Siempre que pienso en Marco Antonio Corcuera, lo imagino joven, flaco, con un tic nervioso y enfundado dentro de un terno que le flota. Como ya lo he contado, fue así como lo vi la primera vez que en mi vida vi un poeta. Primo de mi padre y abogado joven de su estudio jurídico, así lo vi cuando yo era niño y adolescente.

Cuando entré a la Universidad Nacional de Trujillo, al lado de mis amigos del grupo “Trilce”, alterné con él y otros dos poetas asombrosos, Horacio Alva Herrera y Wilfredo Torres Ortega. No me quedó duda entonces de que para ser poeta era condición la flacura, el humor y la mayor elegancia.
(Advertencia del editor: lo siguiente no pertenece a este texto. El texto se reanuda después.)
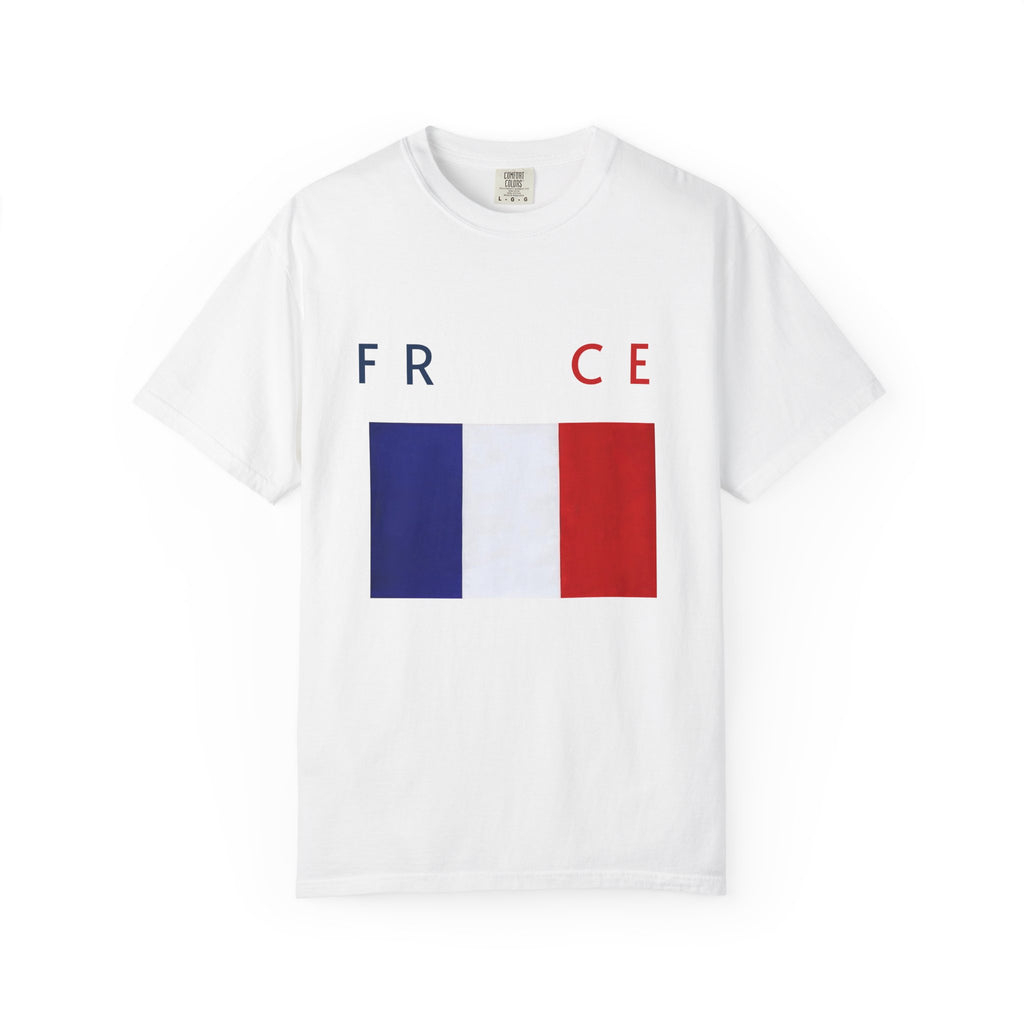 France Flag T-Shirt — Tricolore Map & FR CE Graphic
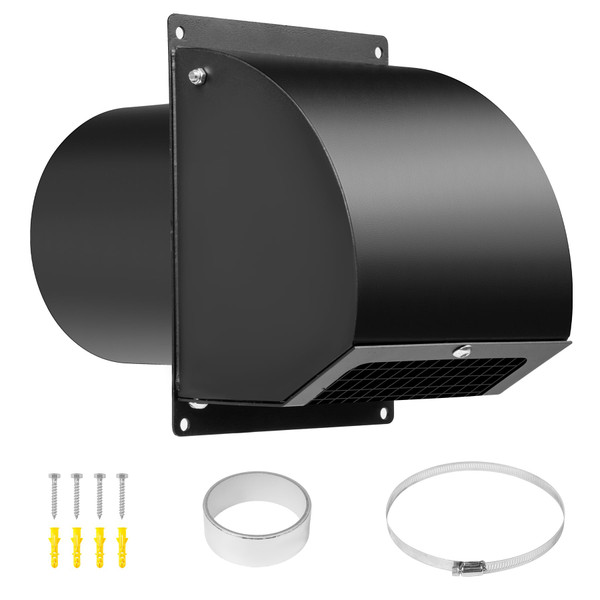 Neoaider 10 Inch Hooded Wall Vent Cover with Screen and Damper, Black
Esa imagen suya no ha dejado de aparecer en la poesía del Perú desde 1940 en que ganó los Juegos Florales de la Universidad Nacional Mayor de San Marcos, junto al contumacino Mario Florián, el celendino Julio Garrido Malaver y el cajamarquino Napoleón Tello Rodríguez.

En los cincuentas, comenzó a publicar “Cuadernos trimestrales”, la primera revista completamente de poesía editada en Trujillo y destinada a poetas y a lectores de todo el planeta. El año 60, su concurso literario “El poeta joven del Perú” descubrió a César Calvo y Javier Heraud, y comenzó a difundir y consagrar a jóvenes que, de otra manera, no habrían sido considerados en esa especie de corte que es el mundo de las letras.

Aparte de las tareas de de este desbordante agitador de la poesía, su propia obra es una límpida cantera cuya sencillez invita a leerlo y a recordarlo así como a escribir y a vivir como él en olor de poesía: como él mismo lo diría, con el corazón tendido como una baraja.

La última década del siglo XX, visité al poeta en su casa todas las veces que llegué al Perú y siempre leímos juntos el mismo libro, una antología de sonetos hispanoamericanos. Fanáticos como somos ambos del soneto, coincidimos en que el castellano es la lengua más pura del mundo porque solo con ella se puede remontar a tanta altura y convertir al idioma en una lengua del cielo.

Cuando Marco Antonio sufrió el ataque cerebral que lo ha postrado, viajé desde Estados Unidos a visitarlo. En Lima, una persona ajena a su casa me dijo que visitarlo era un error porque el poeta era pero ya no era. No le creí. Fui a su casa en Trujillo. Me puse al lado de su cama con el libro de sonetos, y comencé a leerle los que más nos gustaban, y nos gustan.

El que no era volvió a ser el que era y es. Me sonrió. Me oprimió la mano. Y allí nos quedamos leyendo toda la tarde y todo el tiempo como lo vamos a hacer cuando no exista el tiempo y nos encontremos en el cielo.